I struggled with this post this year.  So much has changed in so many ways.  I know I don't blog here much anymore, but I felt it necessary to do so today in honor of all that was lost that day.  These parts of our history have meaning and must be remembered.  I am toiling with returning to blog world, in a different kind of way.  So with all due respect to those we lost on 9/11, 11 years later....I remember just one of the many, the one I loved and knew.
This will be the 7th year that I have posted this exact same post...which is 7 years since I entered blog world.  I know many of you have already read it and seen the video, but I can find no other words on this day. Every year I watch the video again and remember the moments, just like it was yesterday. I also wonder where Mary Lou would be in her life now. Would she be married? Would she have children? There are no answers for those questions, but she will forever remembered.

 
In loving memory and in honor of my high school best friend, I decided to share this personal video in hopes that you can see what the world lost through Lou's smile. She was destined for greatness and it is still so hard to accept the reality of her life 11 years later. These are my memories from days that now seem so long ago. As each anniversary of that tragic day rolls around, I relive the minutes, as I am sure that each of you do. I replay the phone call in my mind from my mother where she only had to speak 5 words, "Tracy....Mary Lou is missing" when my knees hit the ground and the gravity of what had happened sunk in. I will never forget or will I allow my children, grandchildren and future generations to forget what happened to change America on that day. Each face lost that day is someone's loved one. I mourn for their loss and I pray for a safer future. So in light humor I share the good, the bad, the ugly. The bad hair days, the bangs, the scrunchies, the eyebrows and even the bad prom dresses. But what the camera doesn't capture are the laughs & giggles, the stories behind the photos, the times that there was no camera to capture the moment, the late nights spent talking and being silly high school girls, the innocence of time and the sisterhood of friendship.
Please remember Mary Lou.

Photo Sharing - Video Sharing - Photo Printing

Friday, May 11, 2012

And now she's 4!

In March, my pretty little girl turned 4. As super excited as she was, I was a tad sad to see her aging so quickly. Could be because I missed those first 15 months and feel like I just need more time with my baby or it could be because being a Mom of 4, she is my baby and no Mama wants her baby to grow up....sigh...

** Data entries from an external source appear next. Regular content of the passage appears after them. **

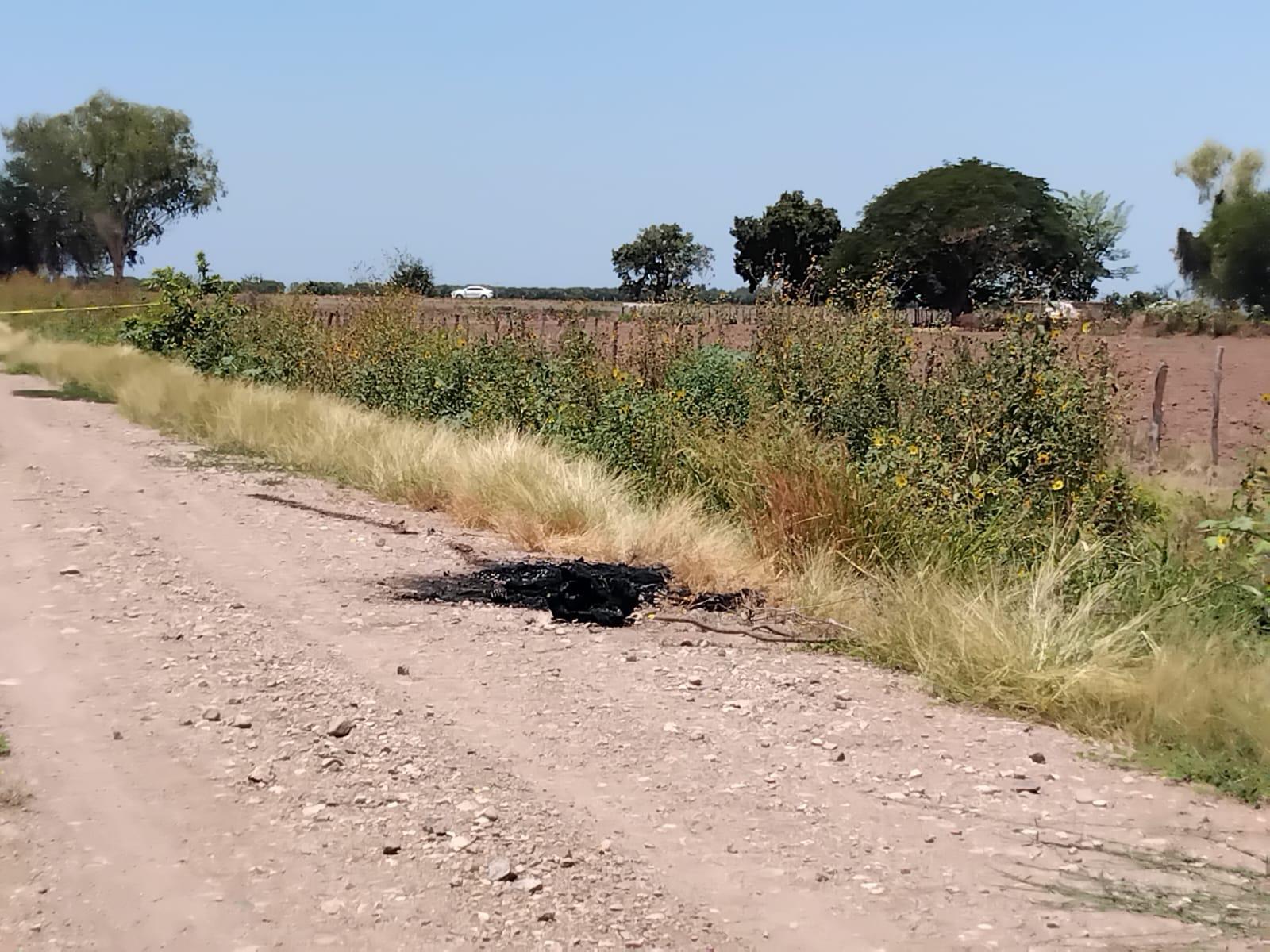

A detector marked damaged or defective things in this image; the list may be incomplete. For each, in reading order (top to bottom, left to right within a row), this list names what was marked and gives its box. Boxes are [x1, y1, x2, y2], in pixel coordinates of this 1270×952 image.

burned black debris [394, 559, 675, 627] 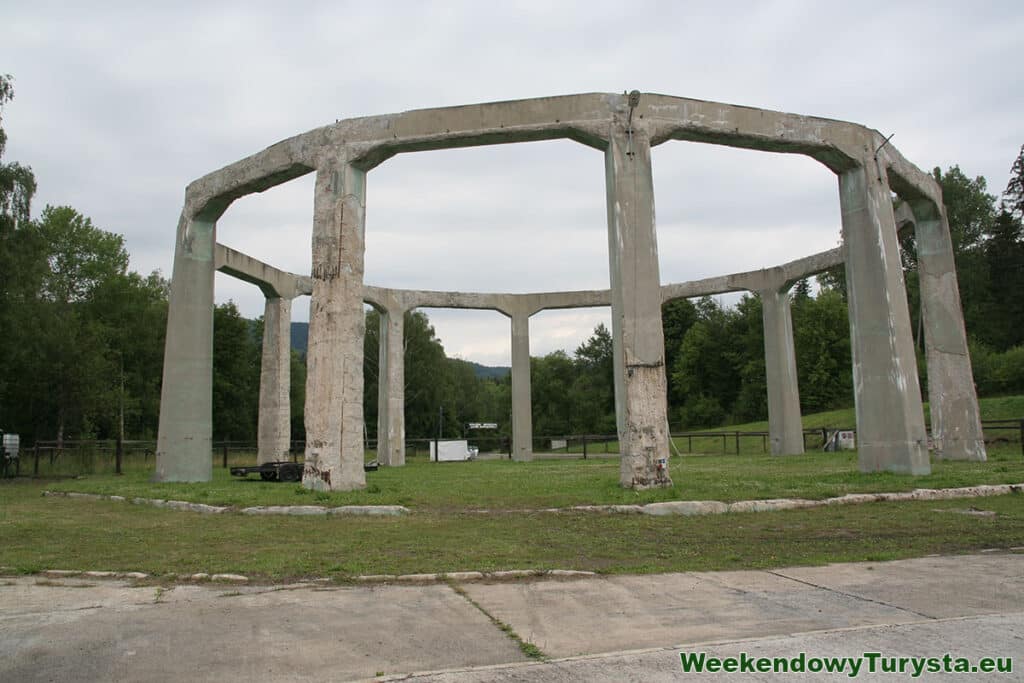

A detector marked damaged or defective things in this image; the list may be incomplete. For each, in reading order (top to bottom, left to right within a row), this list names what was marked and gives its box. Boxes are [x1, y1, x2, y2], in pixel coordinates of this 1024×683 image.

cracked concrete pavement [0, 552, 1019, 679] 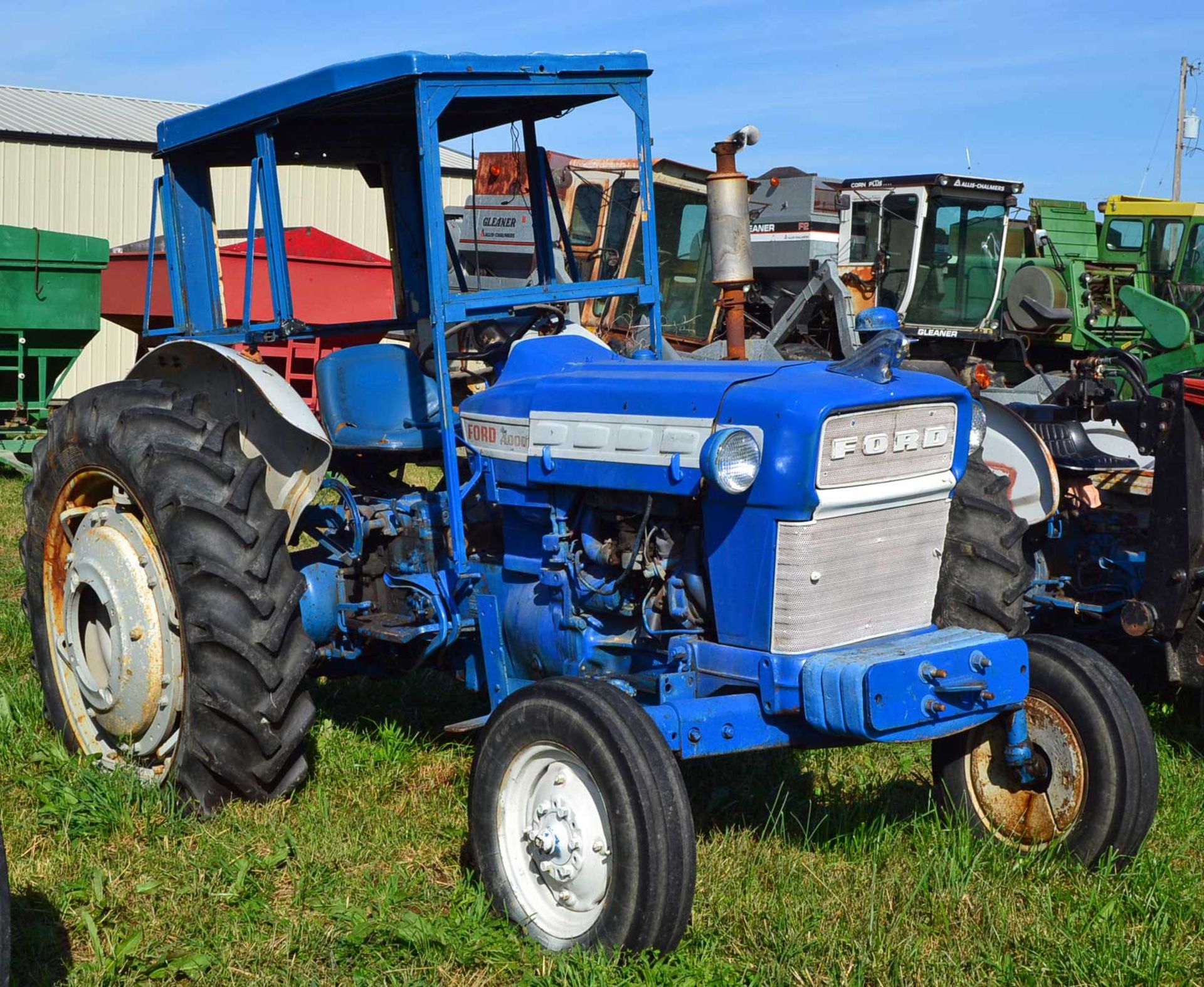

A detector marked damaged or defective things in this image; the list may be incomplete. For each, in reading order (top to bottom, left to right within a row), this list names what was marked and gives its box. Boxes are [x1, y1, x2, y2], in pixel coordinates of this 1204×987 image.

rusty wheel hub [46, 474, 183, 783]
rusty wheel hub [963, 697, 1089, 848] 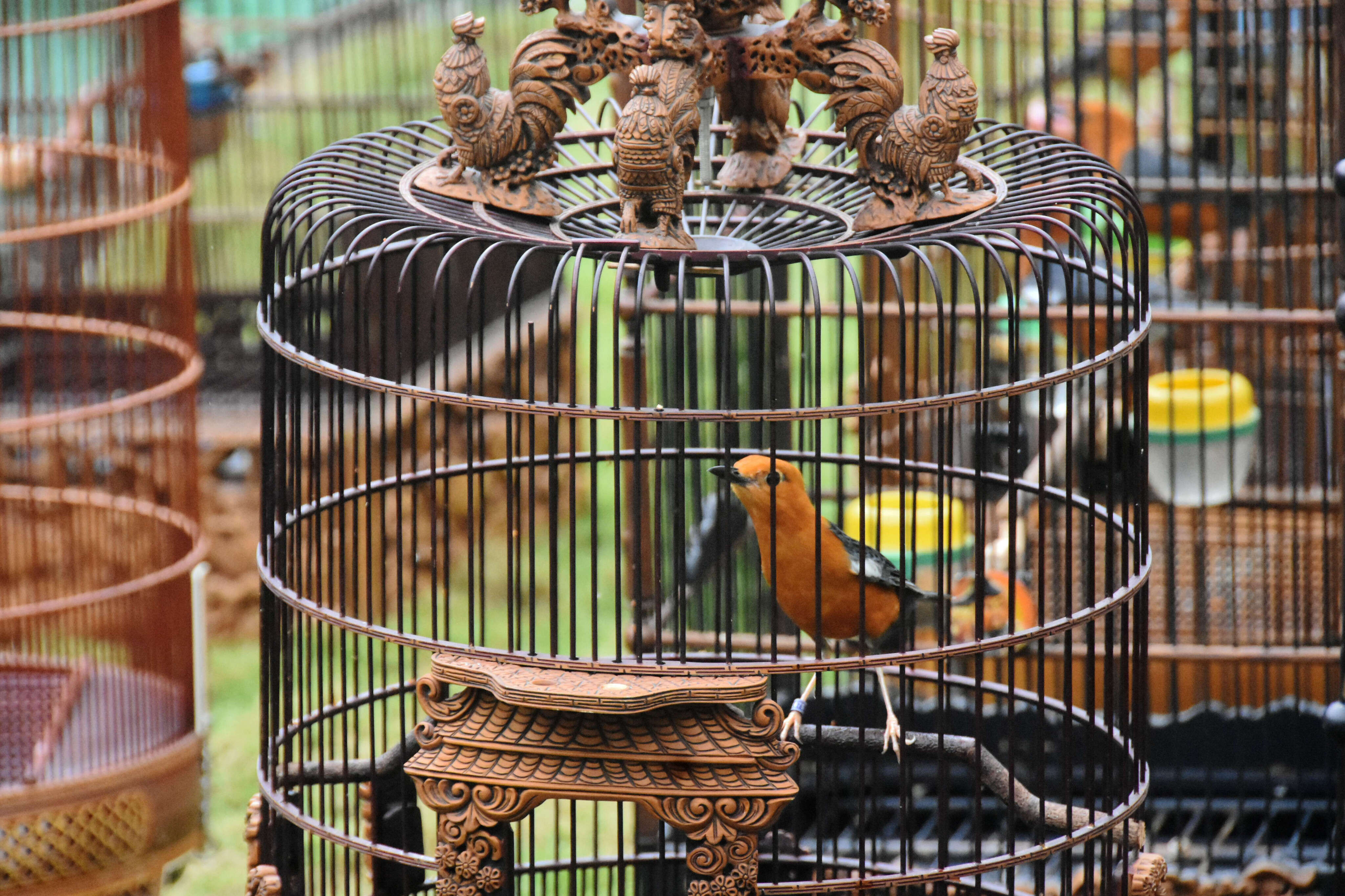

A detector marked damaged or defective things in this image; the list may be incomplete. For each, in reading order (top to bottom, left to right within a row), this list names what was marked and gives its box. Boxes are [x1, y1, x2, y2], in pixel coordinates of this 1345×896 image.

rusty empty cage [1, 2, 206, 896]
rusty empty cage [255, 88, 1156, 896] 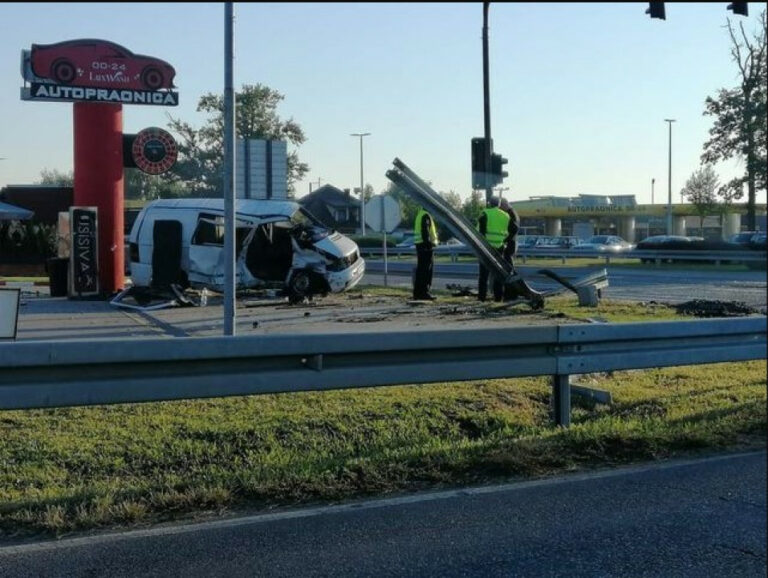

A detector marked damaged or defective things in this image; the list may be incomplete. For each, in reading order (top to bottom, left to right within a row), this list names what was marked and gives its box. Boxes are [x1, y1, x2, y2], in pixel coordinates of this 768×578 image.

crashed white van [127, 198, 366, 302] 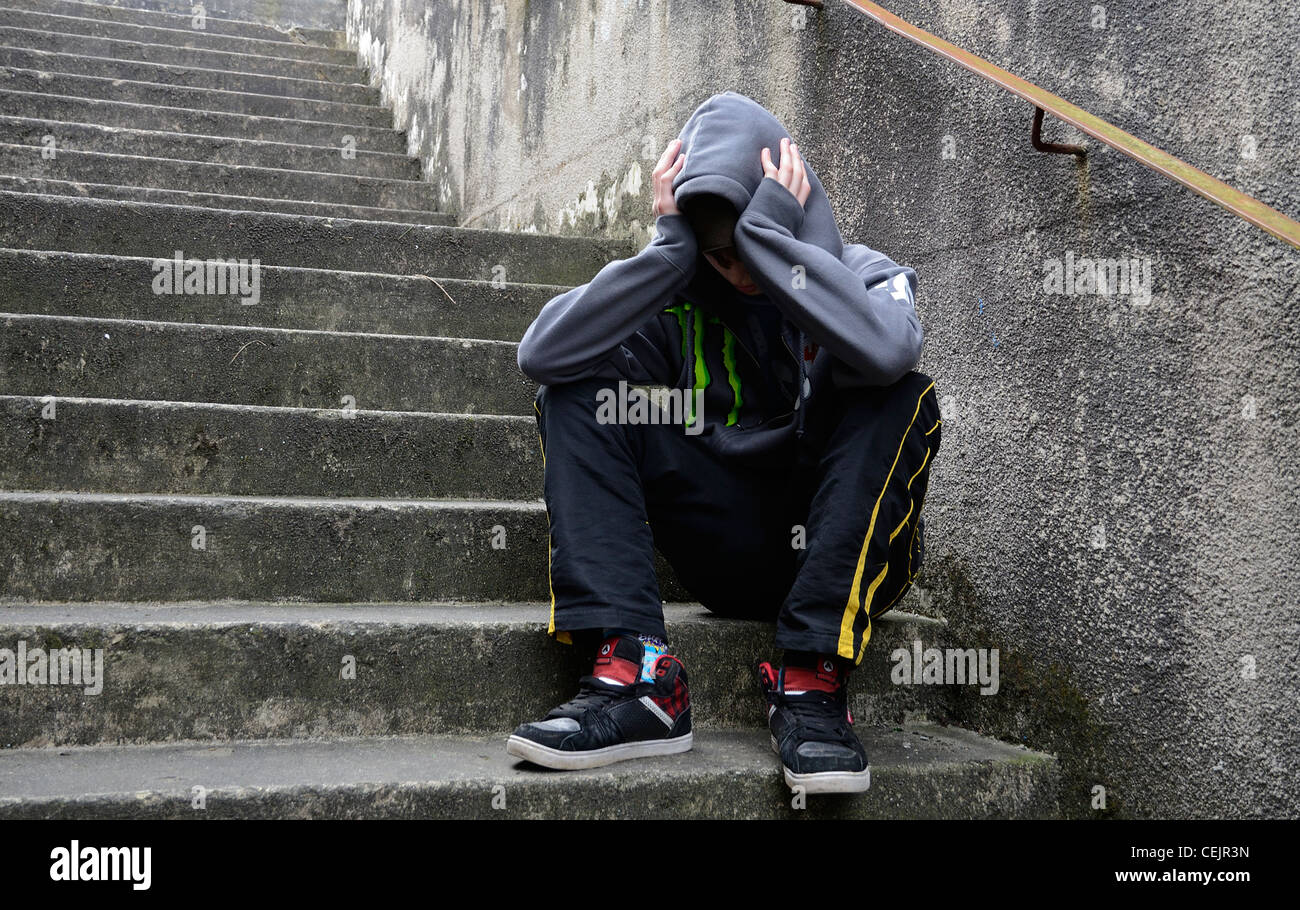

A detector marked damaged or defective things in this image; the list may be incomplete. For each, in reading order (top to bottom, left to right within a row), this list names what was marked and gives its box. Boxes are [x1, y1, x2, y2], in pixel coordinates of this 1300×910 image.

rusty metal handrail [780, 0, 1300, 248] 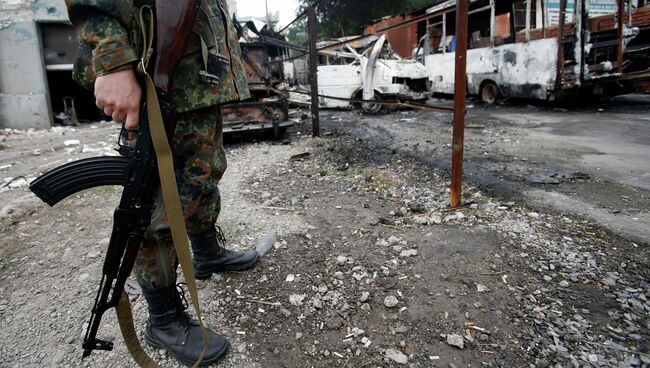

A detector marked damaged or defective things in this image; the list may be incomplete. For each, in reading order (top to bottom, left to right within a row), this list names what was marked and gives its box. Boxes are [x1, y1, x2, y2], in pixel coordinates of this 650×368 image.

rusty metal pole [450, 0, 466, 207]
damaged building [368, 0, 644, 102] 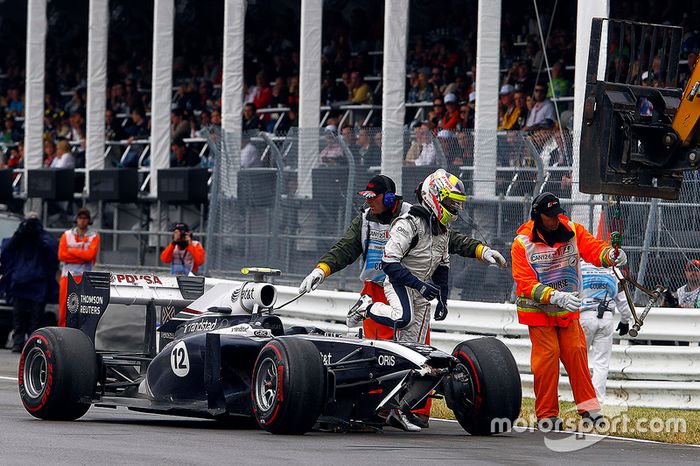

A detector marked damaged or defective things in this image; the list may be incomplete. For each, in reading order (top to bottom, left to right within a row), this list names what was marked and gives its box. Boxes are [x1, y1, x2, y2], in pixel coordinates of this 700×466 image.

damaged f1 car [16, 268, 524, 436] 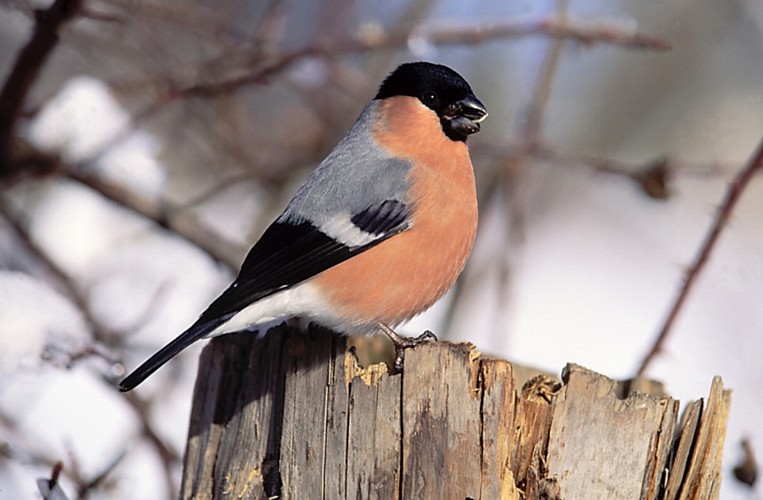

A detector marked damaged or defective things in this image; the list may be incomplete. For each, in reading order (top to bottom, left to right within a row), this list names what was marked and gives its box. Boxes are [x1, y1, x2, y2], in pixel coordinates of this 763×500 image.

splintered wood [182, 326, 732, 498] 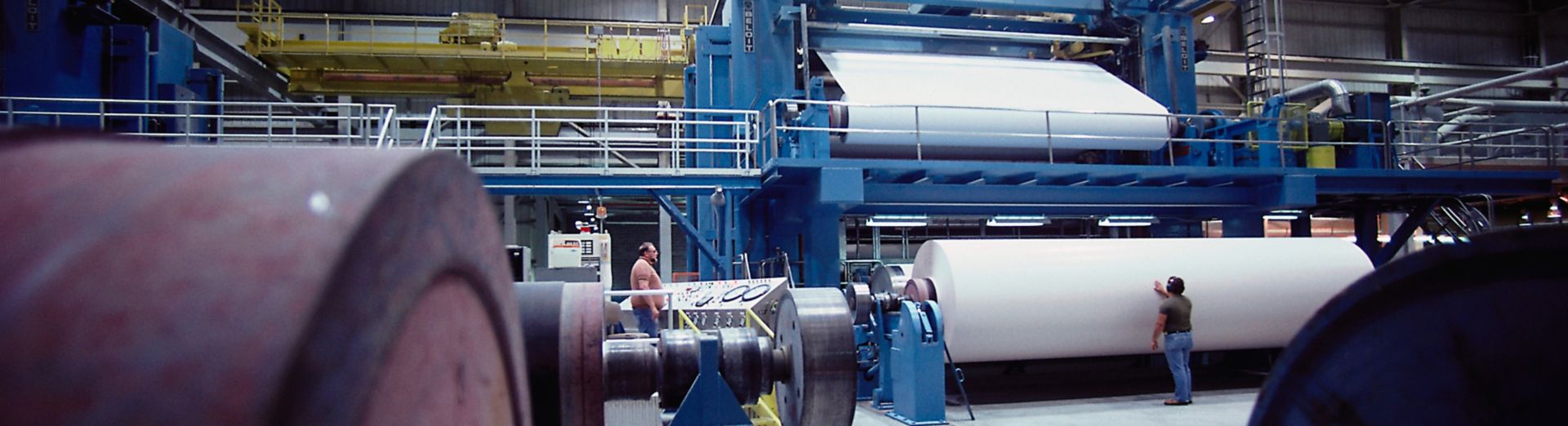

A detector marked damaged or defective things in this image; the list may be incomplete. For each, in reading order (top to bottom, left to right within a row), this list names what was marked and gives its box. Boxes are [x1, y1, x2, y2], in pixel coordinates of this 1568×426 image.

rusty drum roller [0, 137, 529, 424] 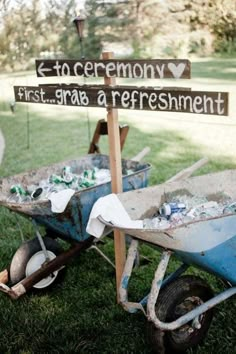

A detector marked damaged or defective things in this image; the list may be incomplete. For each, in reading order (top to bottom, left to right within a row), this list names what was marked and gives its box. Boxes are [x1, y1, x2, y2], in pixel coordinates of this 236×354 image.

rusty wheelbarrow [0, 154, 151, 298]
rusty wheelbarrow [96, 170, 236, 352] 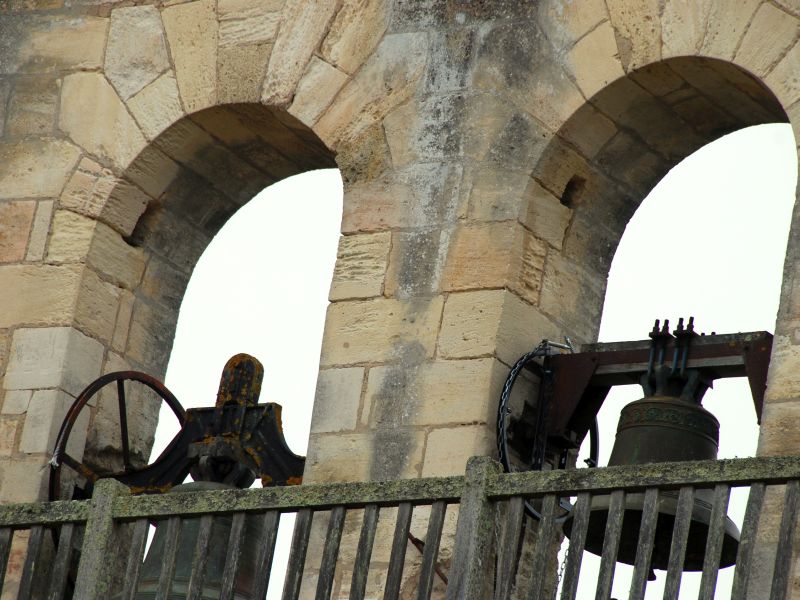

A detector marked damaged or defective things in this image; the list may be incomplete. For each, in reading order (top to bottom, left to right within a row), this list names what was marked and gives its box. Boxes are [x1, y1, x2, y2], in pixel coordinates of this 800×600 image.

rusty bell mechanism [49, 354, 306, 596]
rusty bell mechanism [496, 318, 772, 576] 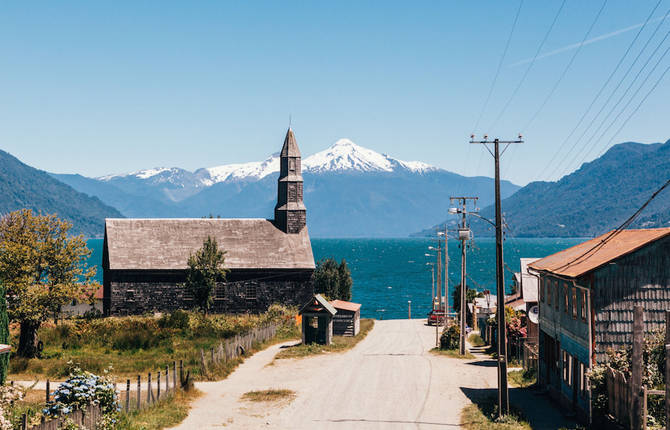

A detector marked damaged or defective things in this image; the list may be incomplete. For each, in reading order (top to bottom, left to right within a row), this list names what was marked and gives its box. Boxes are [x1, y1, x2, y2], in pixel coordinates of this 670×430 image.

rusty metal roof [105, 217, 316, 270]
rusty metal roof [528, 228, 670, 278] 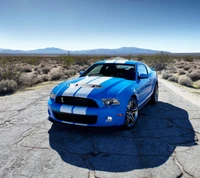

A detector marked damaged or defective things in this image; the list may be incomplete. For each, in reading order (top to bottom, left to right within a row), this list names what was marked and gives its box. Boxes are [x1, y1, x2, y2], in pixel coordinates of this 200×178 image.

cracked asphalt [0, 79, 200, 178]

But nonetheless, the calendar keeps churning away as days turn into nights and nights into weeks...so we celebrated with a pretty pink cake, per her request. 

She is 4 and yet so full of life.  She is happy all the time, unless she's 'trying' to pout, which usually ends in smiles.  She's my shadow, my snuggle bug, my complete joy.  I can not imagine my life without her and like every important date that rolls around, I think of her birthparents.  I wonder if they even thought of her and like always, I pray they can somehow feel how this one little girl is so deeply loved and adored.

Welcome to year 4 of your life baby girl.









Thursday, May 10, 2012

So it's been awhile....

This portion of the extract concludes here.